=== Section Start ===

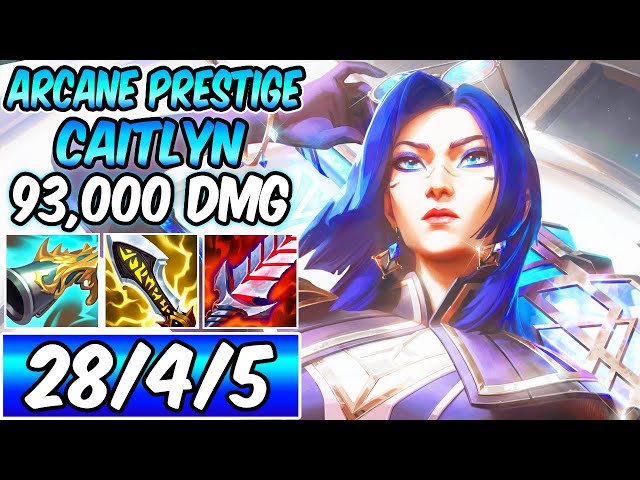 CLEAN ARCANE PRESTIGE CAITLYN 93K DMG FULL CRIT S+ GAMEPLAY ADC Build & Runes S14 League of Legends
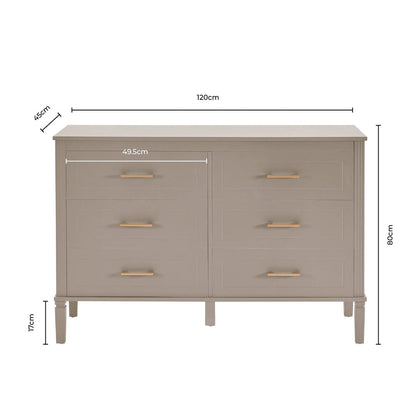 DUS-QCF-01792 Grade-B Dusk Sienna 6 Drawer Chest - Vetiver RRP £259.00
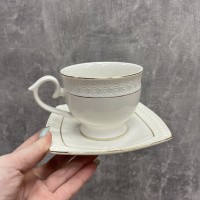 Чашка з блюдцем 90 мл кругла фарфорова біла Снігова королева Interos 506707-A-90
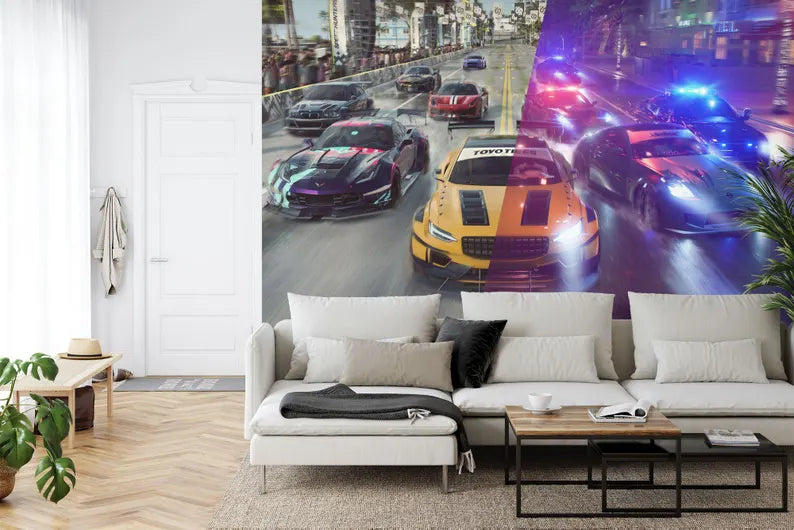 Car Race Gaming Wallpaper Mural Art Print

=== Section End ===
=== Section Start ===

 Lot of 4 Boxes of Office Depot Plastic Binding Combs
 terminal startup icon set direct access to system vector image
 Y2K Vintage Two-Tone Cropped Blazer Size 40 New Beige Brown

=== Section End ===

■ What you should do: Please output, exactly as written, the lines above from the one holding "CLEAN ARCANE PRESTIGE" through the one holding "Car Race Gaming Wallpaper Mural Art Print", both included, with the pictures omitted.

■ Result for this task:
 CLEAN ARCANE PRESTIGE CAITLYN 93K DMG FULL CRIT S+ GAMEPLAY ADC Build & Runes S14 League of Legends
 DUS-QCF-01792 Grade-B Dusk Sienna 6 Drawer Chest - Vetiver RRP £259.00
 Чашка з блюдцем 90 мл кругла фарфорова біла Снігова королева Interos 506707-A-90
 Car Race Gaming Wallpaper Mural Art Print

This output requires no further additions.